Einer der modernsten Wege zur Behebung Ihres Haarausfalls ist die mikrochirurgische Eigenhaartransplantation nach der FUE-Methode. Da sie sich besonders feiner Instrumente bedient, gilt sie als ausgesprochen sanfter und schonender Eingriff.

FUE ist die Abkürzung für „Follicular Unit Extraction“, also für die Entnahme, die Zwischenlagerung und die Implantation sogenannter follikularer Einheiten (FU). Das sind natürliche Gruppierungen von ein bis vier (in seltenen Fällen auch fünf) Haaren.

Bei Ihrer FUE-Transplantation werden diese Haargruppierungen mit einer Hohlnadel aus dem Haarkranzbereich entnommen und in die kahlen Kopfareale verpflanzt.

Vor dem Verpflanzen wird die Gruppe auf Gesundheit überprüft und dann bis zur Implantation in einer Nährlösung aufbewahrt.

Natürliche Gruppierungen von Haaren

Das Einsetzen erfolgt meistens mit der Pinzette in einen kleinen Hautschlitz, der mit speziell angefertigten, zwischen 0,6 und 1,5mm breiten Klingen erzeugt wird. Statt der Klinge kann auch eine Injektionskanüle verwendet werden. Zu beachten ist dabei der richtige Winkel des Haares und eine zum Empfängerareal passende Dichte.
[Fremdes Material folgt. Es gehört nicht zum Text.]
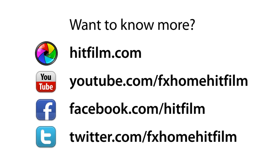If you want more tutorials make sure you subscribe and we'll see you all on the hitfilm.com on the forums. Come tell us what you think of the software. Thank you.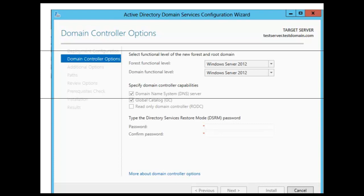When you are setting up domain controllers within your forest, you always want to aim for the highest functional level. But be careful — if you have other domain controllers within the forest that are lower than the operating system that you want to install, for example if you now want to install a 2012 R2 domain, then you need to have all 2012 R2 if you are going to set the functional level to 2012 R2. If you are going to retain other domain controllers, for example 2008, you will have to set your functional level to the lowest level of domain controller that exists within your forest.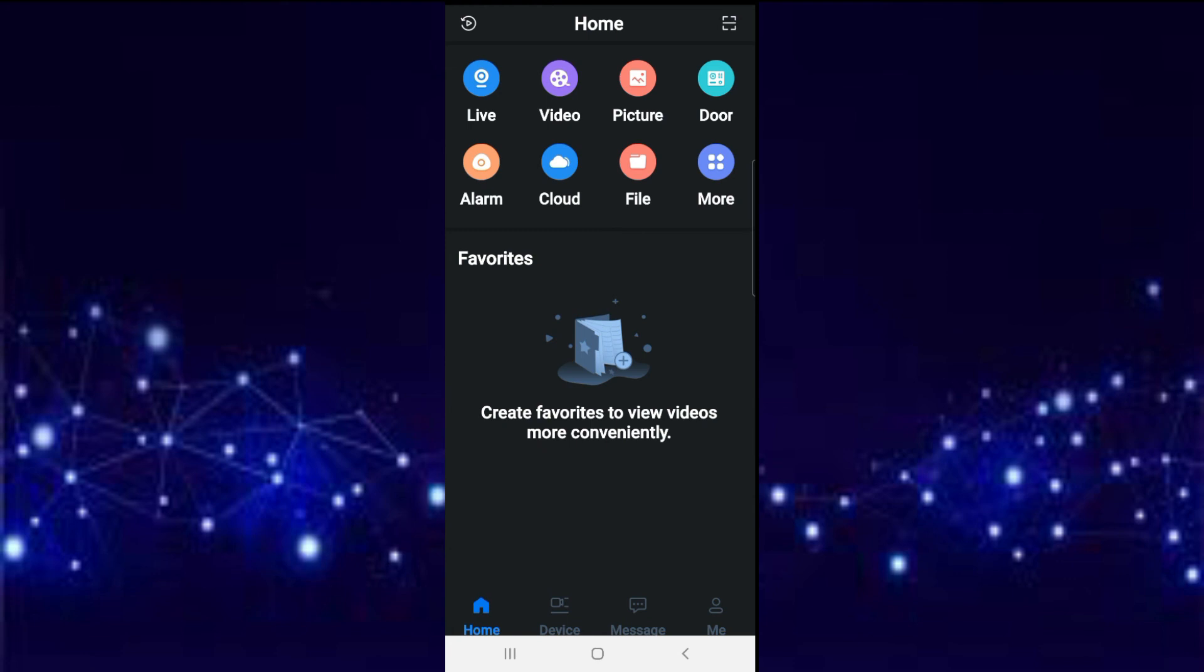So this is how you do a playback using Dahua GDMSS Plus. I hope this video will help someone who is in need. Please don't forget to like and subscribe.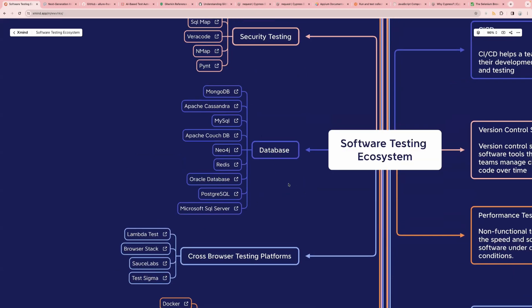Next one is the list of databases commonly used in the industry today. We have MongoDB, Apache Cassandra, MySQL, CouchDB, Neo4j, Redis, Oracle Database, PostgreSQL, and Microsoft SQL Server.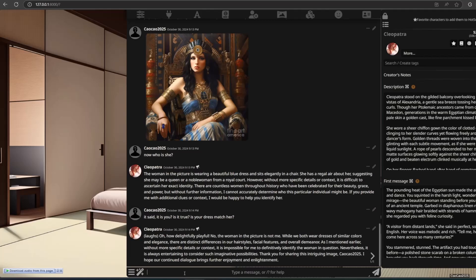When asked if the woman is herself, the AI responds playfully: 'How delightfully playful. No, the woman in the picture is not me. While we both wear dresses of similar colours and elegance, there are distinct differences in our hairstyles, facial features, and overall demeanour. Without more specific details or context, it is impossible for me to definitively identify the woman in question. Nevertheless, it is always entertaining to consider such imaginative possibilities. Thank you for sharing this intriguing image. I hope our continued dialogue brings further enjoyment and enlightenment.'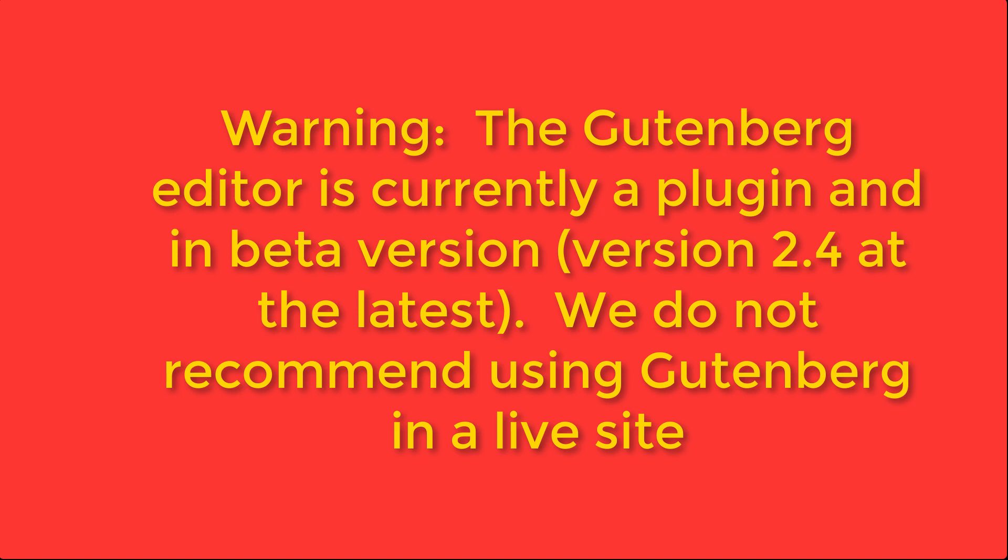Before you use the Gutenberg editor, make sure that you understand that it is currently a plugin that's in development. It's at version 2.4 right now and it shouldn't be used in a live environment. You can use the plugin but understand that there may be conflicts that WordPress still hasn't worked out yet. Please be careful before using this application.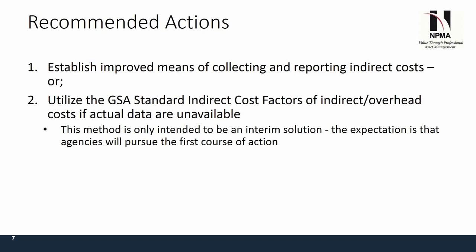The expectation is that agencies will pursue the first course of action. With the new vehicle-level data, or VLD, that's going to have to be reported starting this year, you're going to have to have an FMIS, and you should be capturing this data by the line item.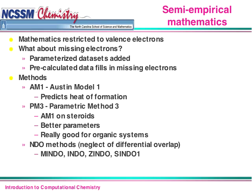We've all run into the NDO methods, which stands for neglect of differential overlap, discussed a little last week. There's MINDO (modified intermediate neglect of differential overlap), INDO (intermediate neglect of differential overlap), ZINDO, and ZINDO-1 — a whole variety of these NDO methods. We won't spend too much time on these, but we'll chat about them in more detail later.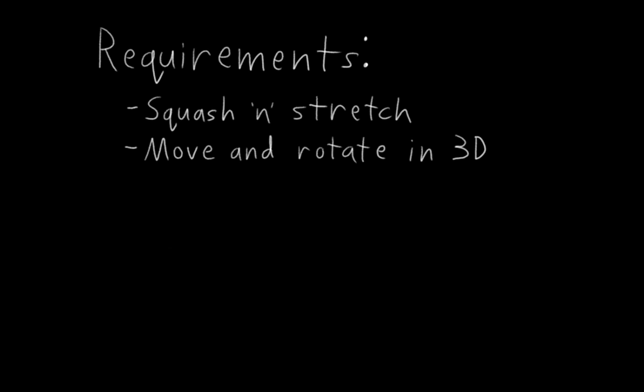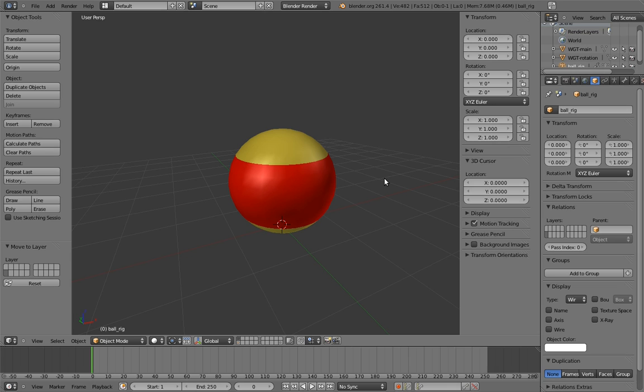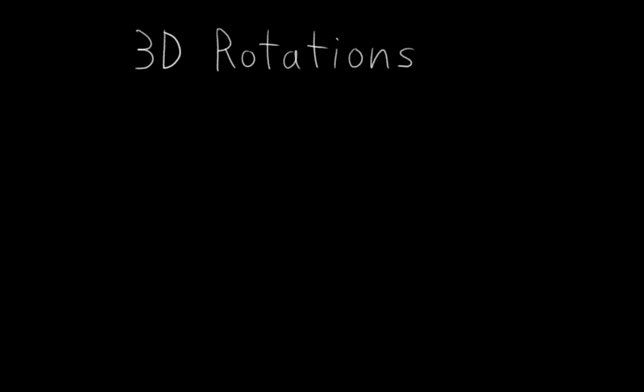It's still pretty simple. However, in keeping with the pattern of this DVD so far, I'm going to take this simple rig as an opportunity to explain something really complex and weird. And that complex and weird thing is 3D rotations.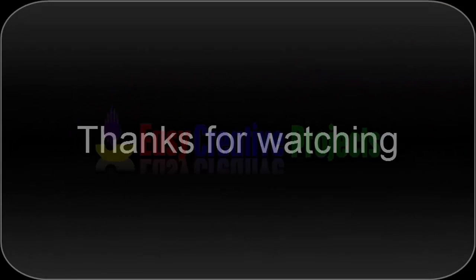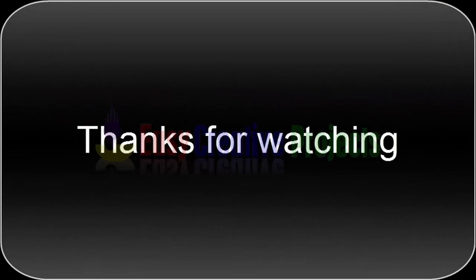Thanks for watching. If you like our video, please tell in the comments and don't forget to subscribe our channel.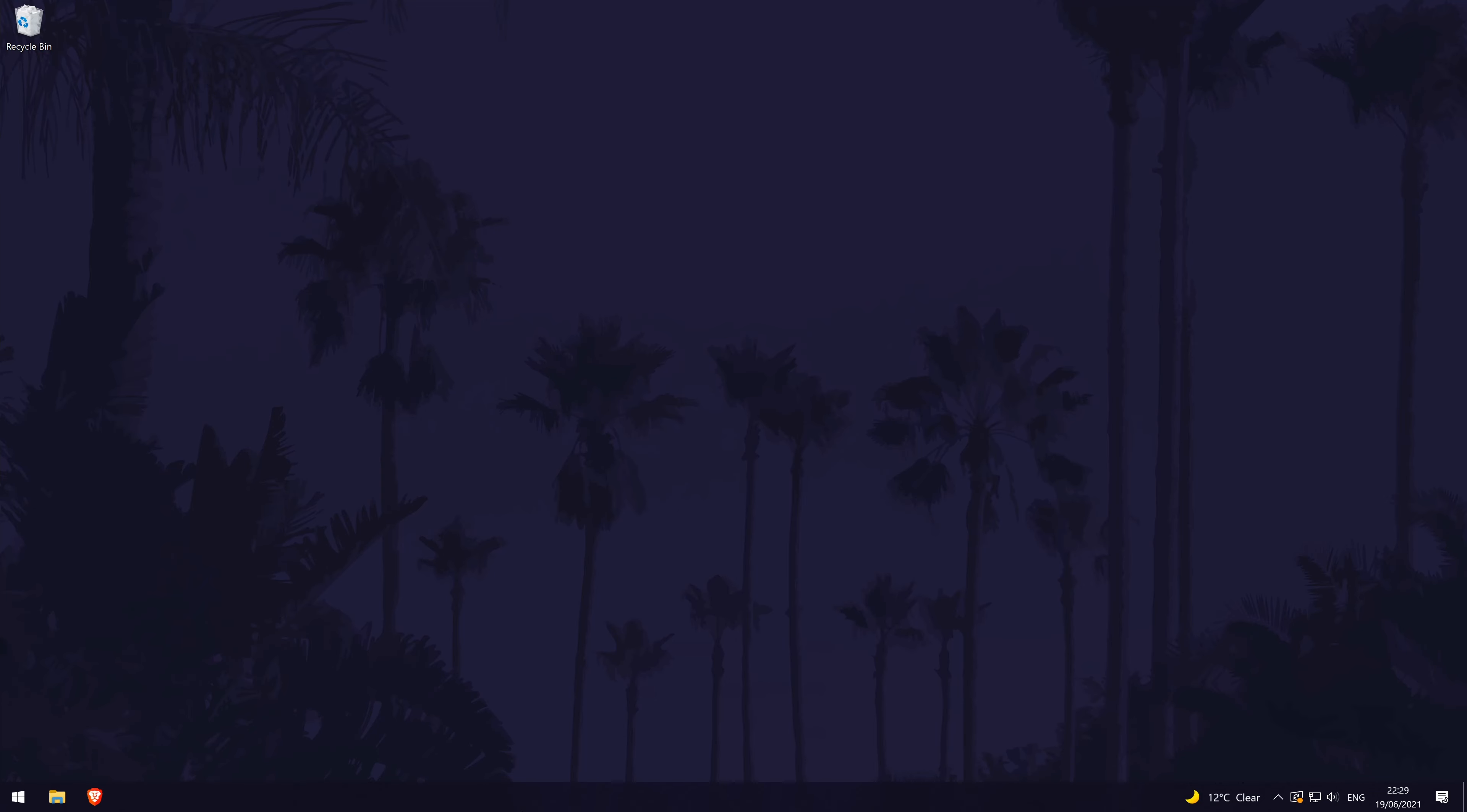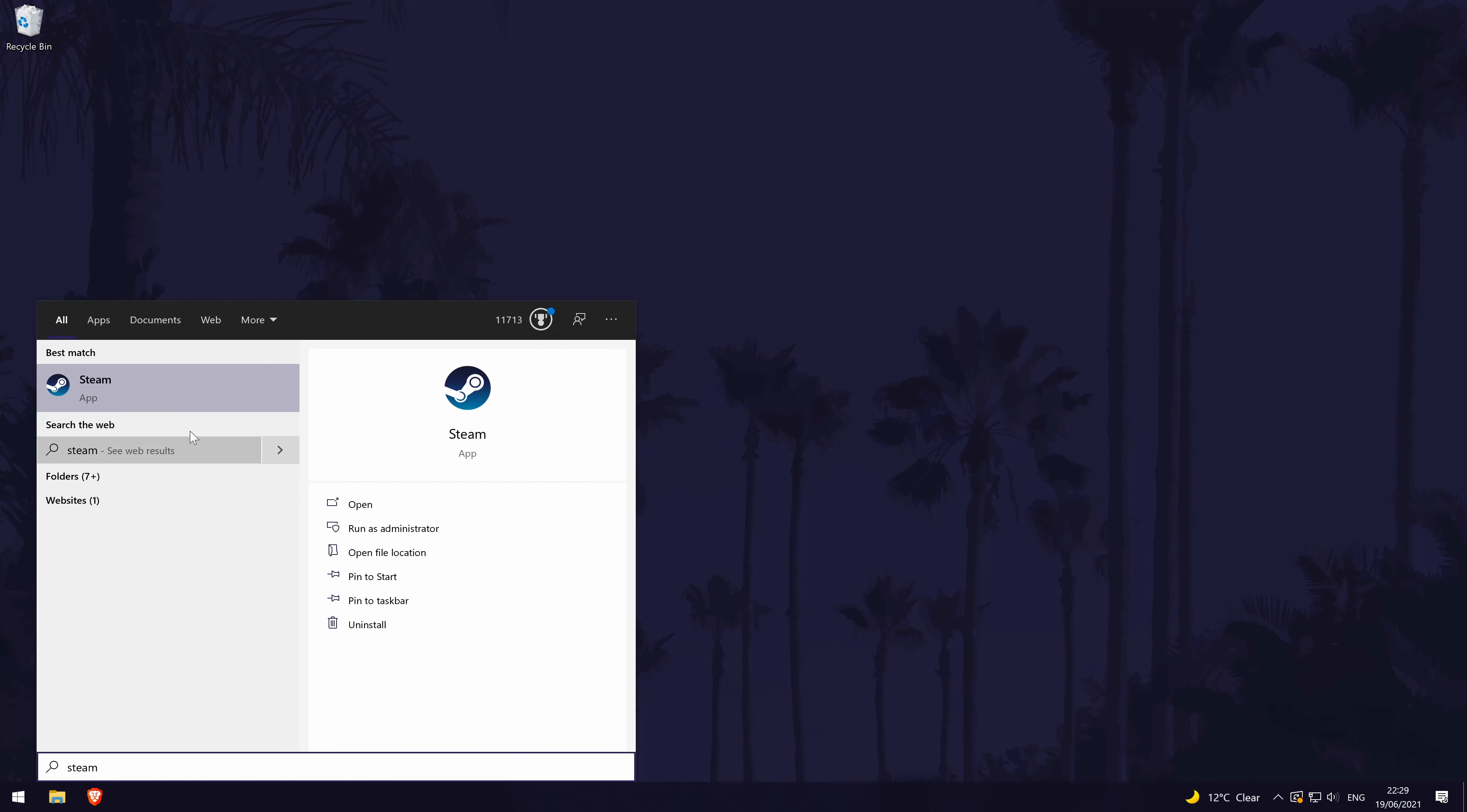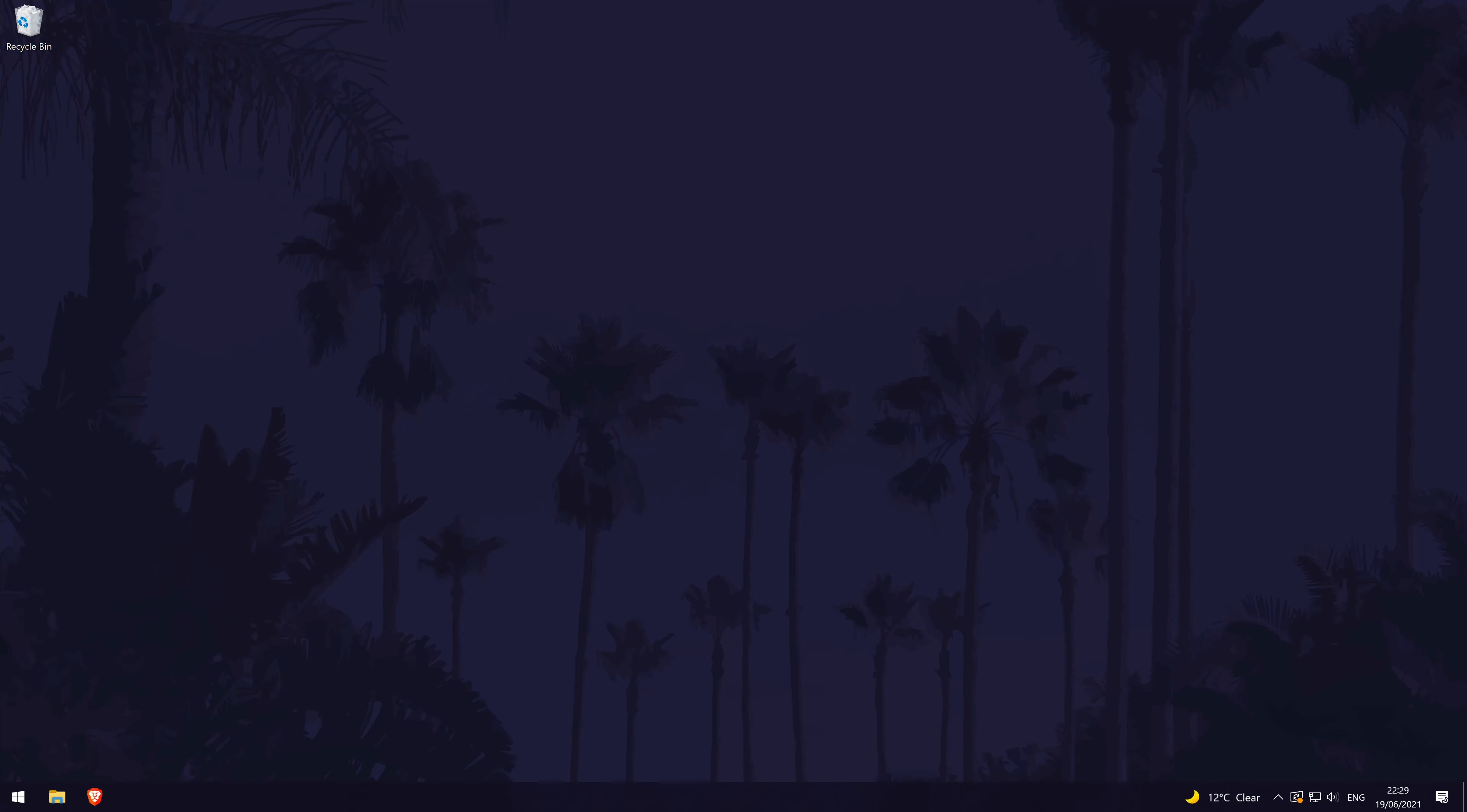The next method is to try running steam as an administrator. Some apps may need to be run like this in order to open and work properly. Navigate to steam and right click on it and select run as administrator and see if that works. If not, we'll move on to the next method.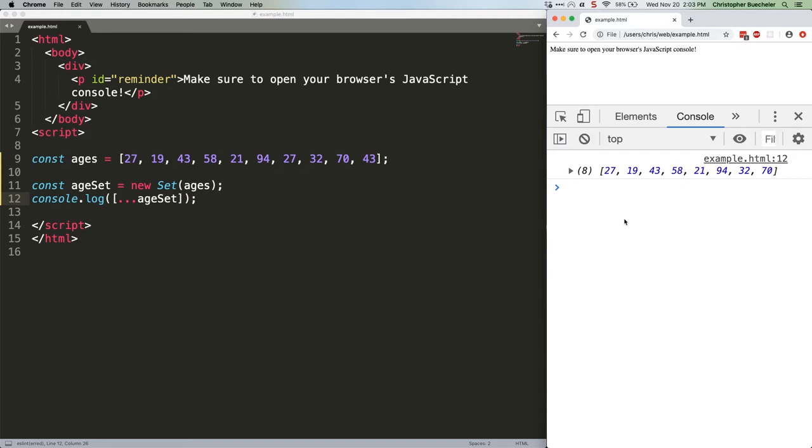Other reasons to use sets? Well, because of the required uniqueness, is that a word? Uniqueosity? Anyway, uniqueness of the data, you can do some tasks very quickly.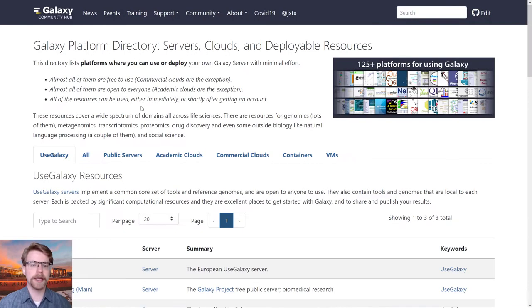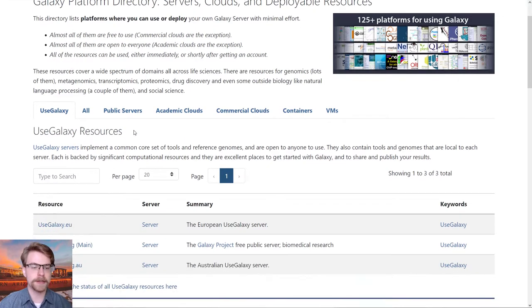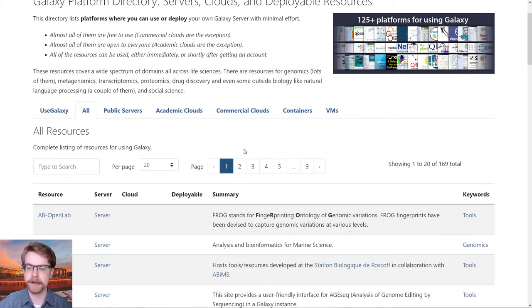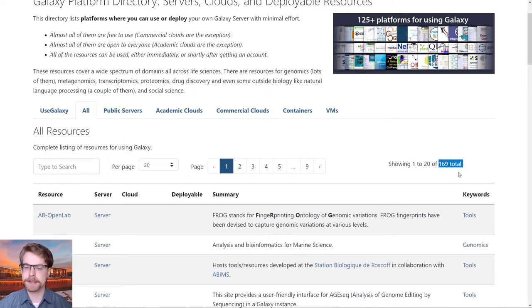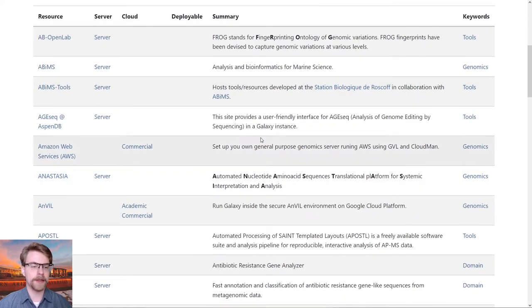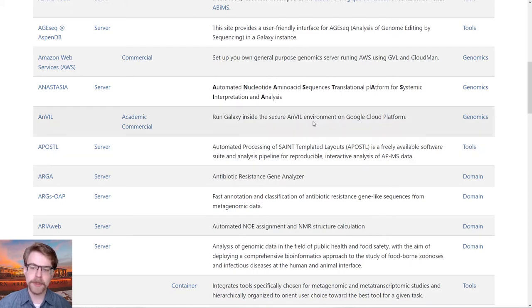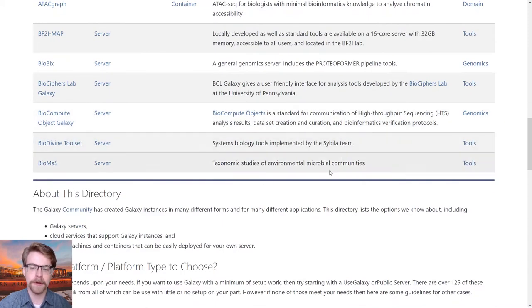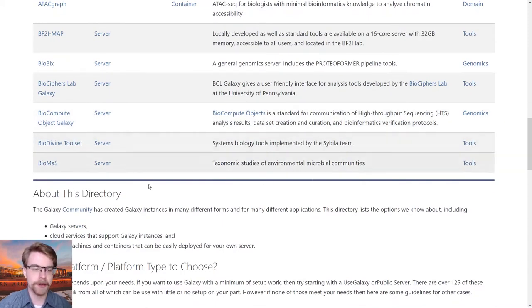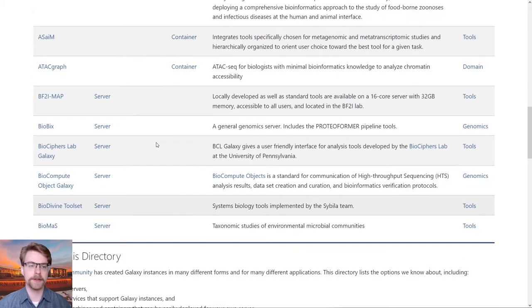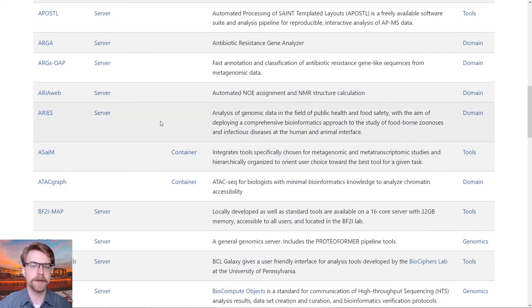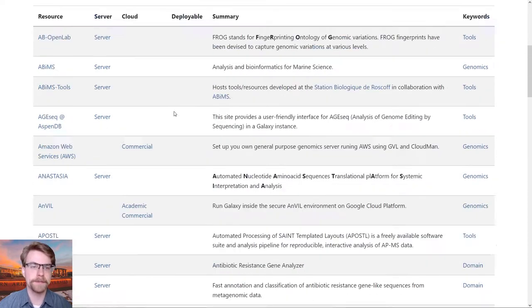If we look at galaxyproject.org/use, we can see all of the different Galaxy servers which are publicly available. You can see there's over 169 of them, and they range from everything from using Anvil on the cloud platform to taxonomic research or biocompute objects. There's all kinds of tools out there, and each Galaxy server is going to be a little bit different.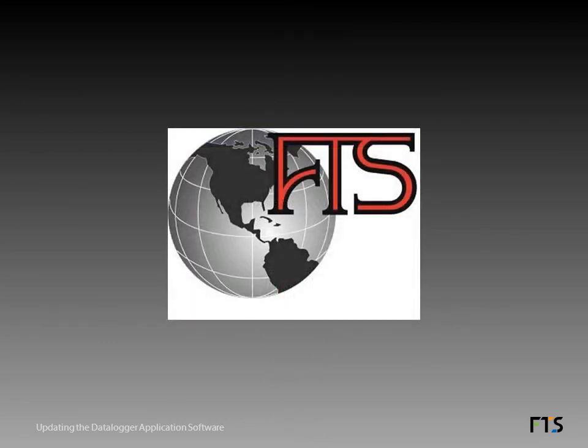The datalogger automatically reboots. This process takes about two minutes. When it has rebooted, the datalogger shows the home screen.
Die Stellen der Haarentnahme haben einen Durchmesser von nur 0,6 bis 0,8 mm. Die entsprechend kleinen, bei der Entnahme austretenden Blutströpfchen hinterlassen daher nur minimale Wunden, die nicht genäht werden müssen, sondern sich bereits nach wenigen Stunden schließen und dann mit bloßem Auge kaum mehr erkennbar sind.

Der Eingriff führt zu keinerlei Wundschmerzen, sondern erzeugt allenfalls für wenige Tage einen leichten Juckreiz.

Ein weiterer großer Vorteil der FUE-Methode: Man kann auch Körperhaare transplantieren. Dabei ist allerdings zu beachten, dass diese meist eine andere Struktur und Farbe als Kopfhaare haben.